Start of Excerpted data

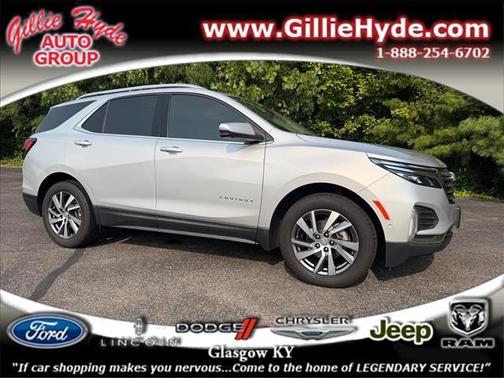 Silver Ice Metallic 2022 Chevrolet Equinox Premier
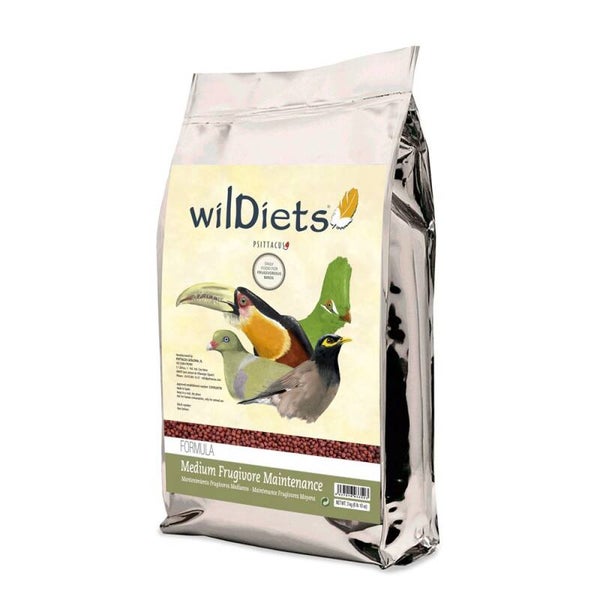 WilDiets Medium Frugivore Maintenance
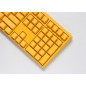 Tastiera Wireless Ducky DKON2108ST-PUSPDYDYYYC1 Giallo Monocromatica QWERTY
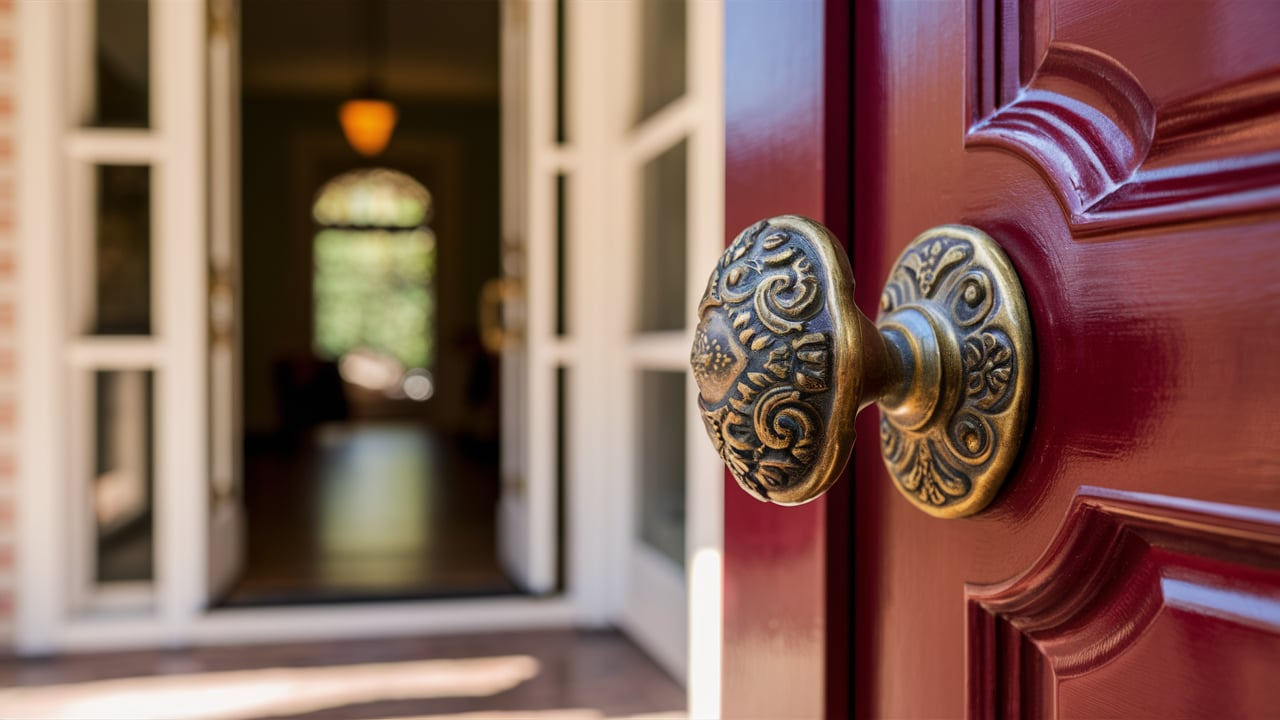 Choosing the Right Front Door Hardware for Security and Style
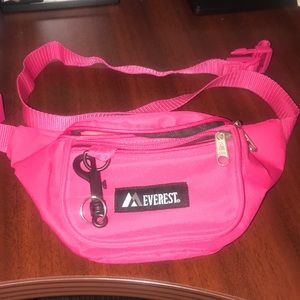 NWOT HOT PINK FANNYPACK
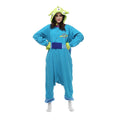 3 Head Monster Costume Adult Kigurumi Onesie Cosplay Pajamas Unisex Halloween Christmas Sleepwear Party Outfit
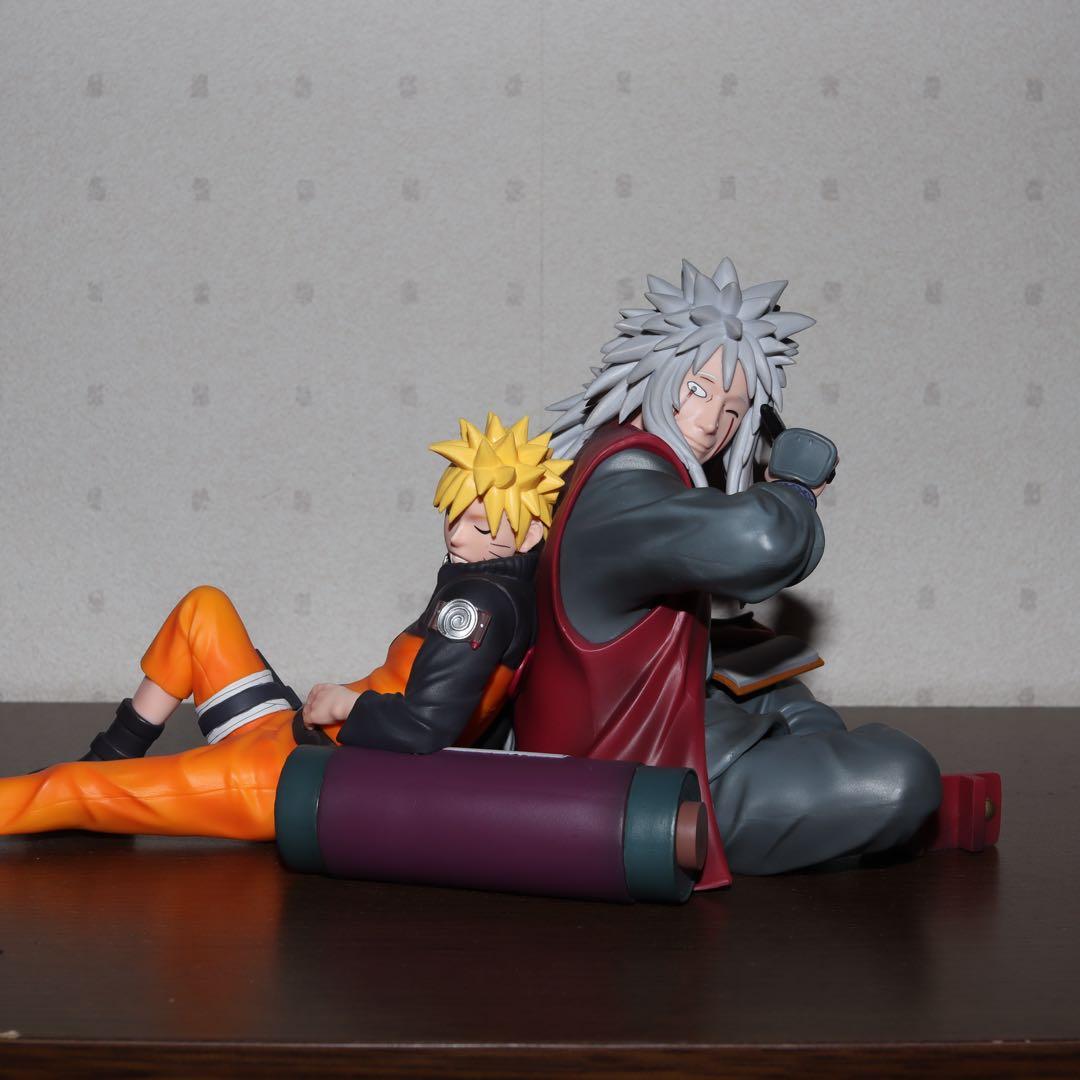 一番くじ　ナルト　NARUTO 繋がる思い　伝説の三忍　フィギュアまとめ売り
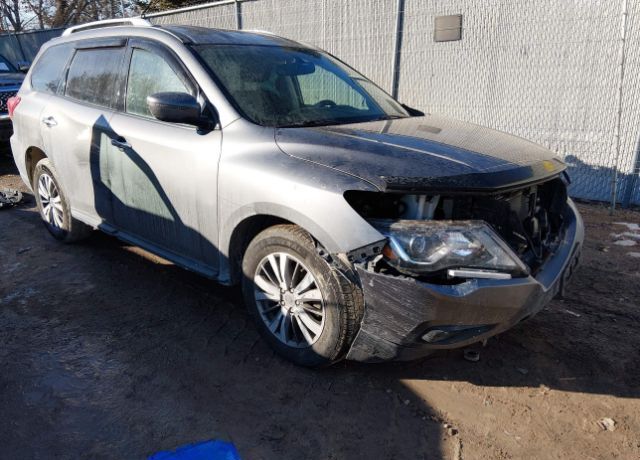 2019 NISSAN Pathfinder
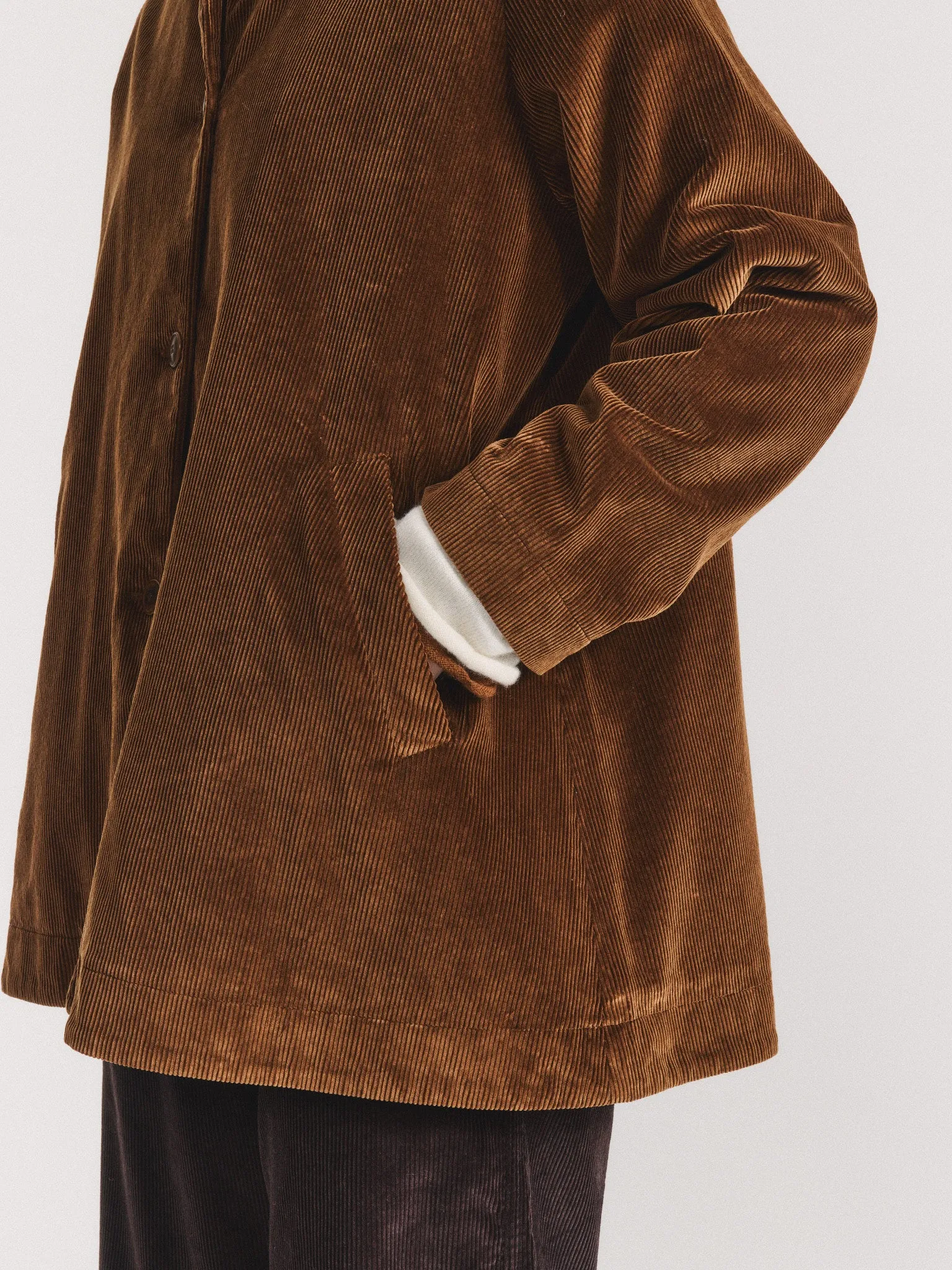 SOLEIL JACKET - H CORD - TAN sold by Casey Casey product image thumbnail 5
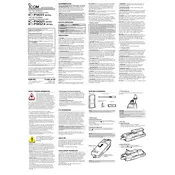 Icom IC-F9011 Transceiver manual cover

End of Excerpted data

All pictures should be dropped; the lines from the one containing "一番くじ　ナルト　NARUTO 繋がる思い　伝説の三忍　フィギュアまとめ売り" through the last line of the material are to be set down exactly.

• Response area
 一番くじ　ナルト　NARUTO 繋がる思い　伝説の三忍　フィギュアまとめ売り
 2019 NISSAN Pathfinder
 SOLEIL JACKET - H CORD - TAN sold by Casey Casey product image thumbnail 5
 Icom IC-F9011 Transceiver manual cover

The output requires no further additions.